Problem to solve
The line containing "Carre Square Rosette" and each line after it, through the final line of the data, are to be retyped exactly, with pictures left out.
== Segment start ==
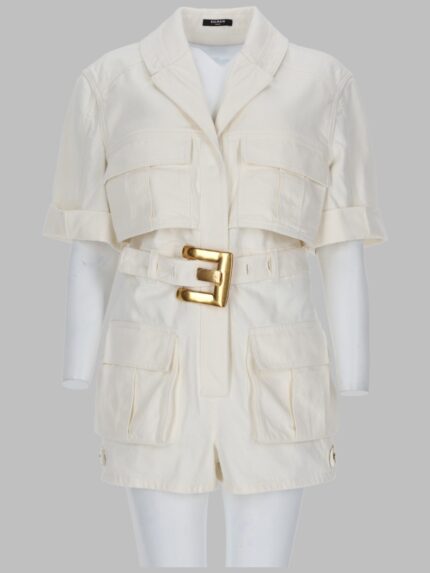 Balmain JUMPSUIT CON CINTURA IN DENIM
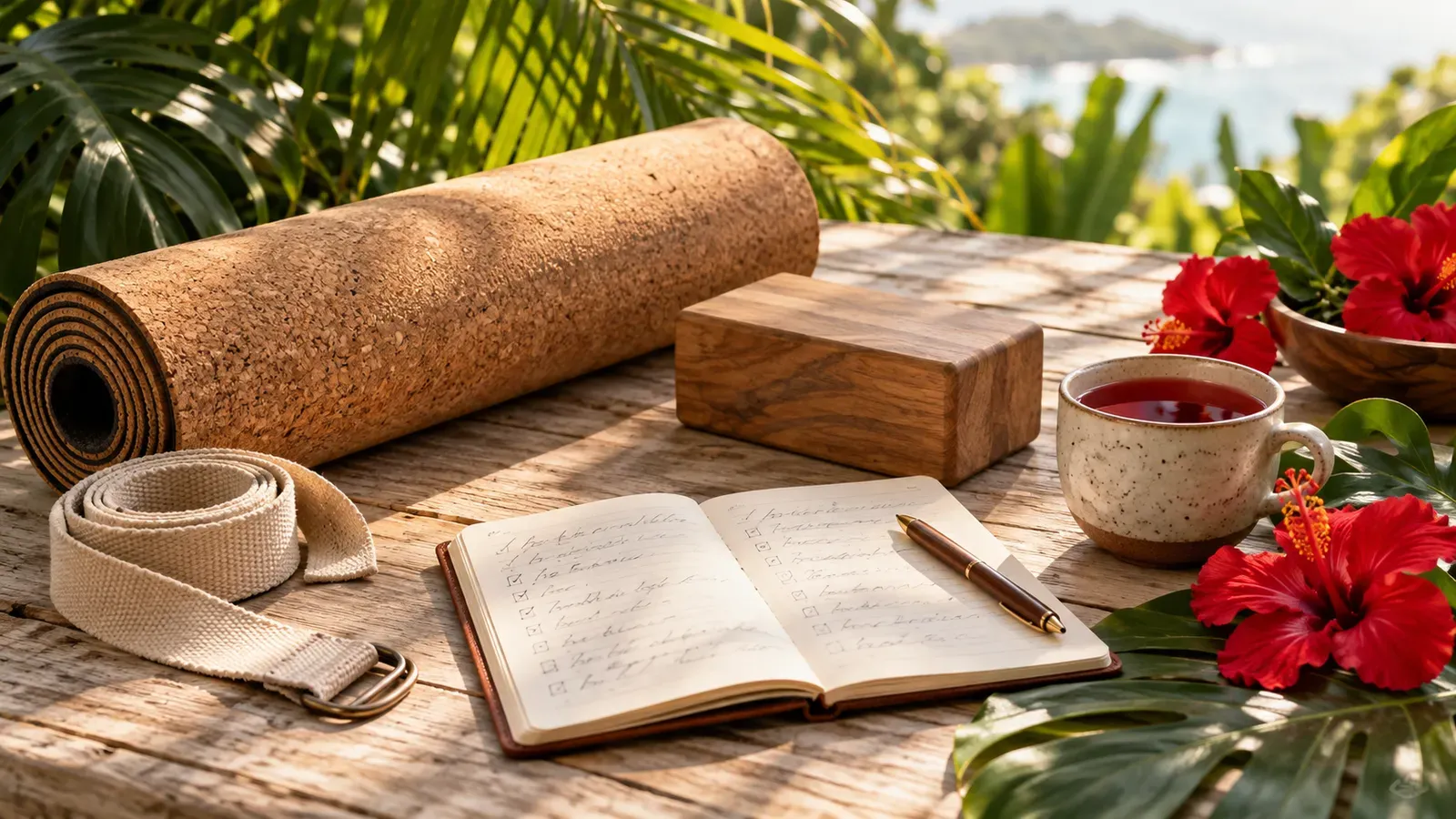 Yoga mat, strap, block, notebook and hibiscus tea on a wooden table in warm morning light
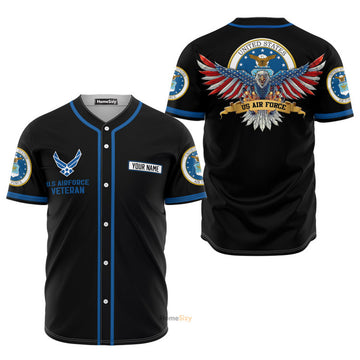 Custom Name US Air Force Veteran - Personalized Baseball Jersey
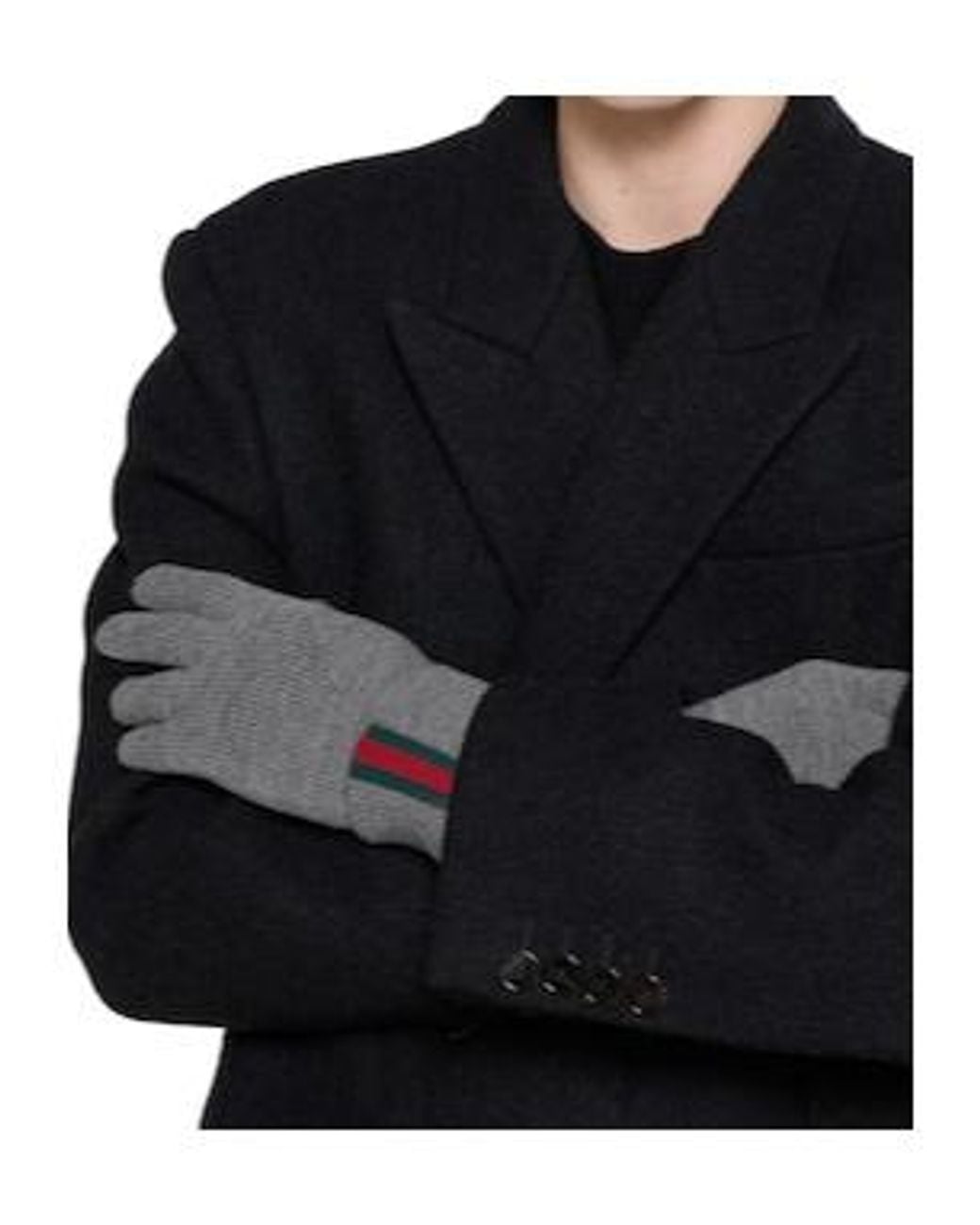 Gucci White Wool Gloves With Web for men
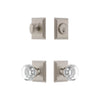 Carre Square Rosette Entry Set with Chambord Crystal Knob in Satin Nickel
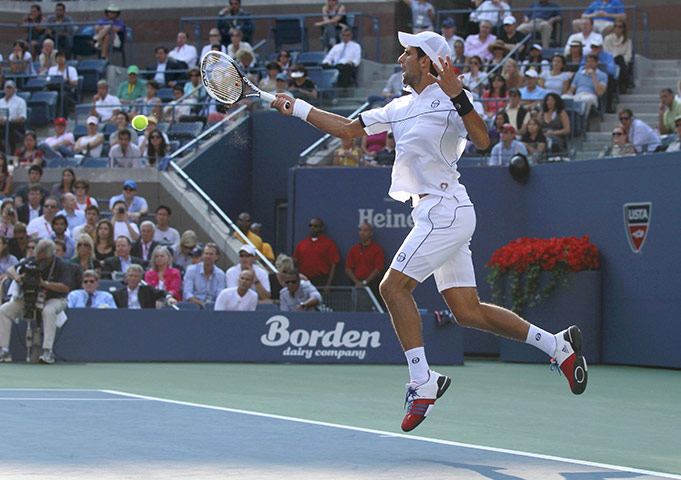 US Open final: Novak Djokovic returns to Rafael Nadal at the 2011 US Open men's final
== Segment end ==
Written solution
 Carre Square Rosette Entry Set with Chambord Crystal Knob in Satin Nickel
 US Open final: Novak Djokovic returns to Rafael Nadal at the 2011 US Open men's final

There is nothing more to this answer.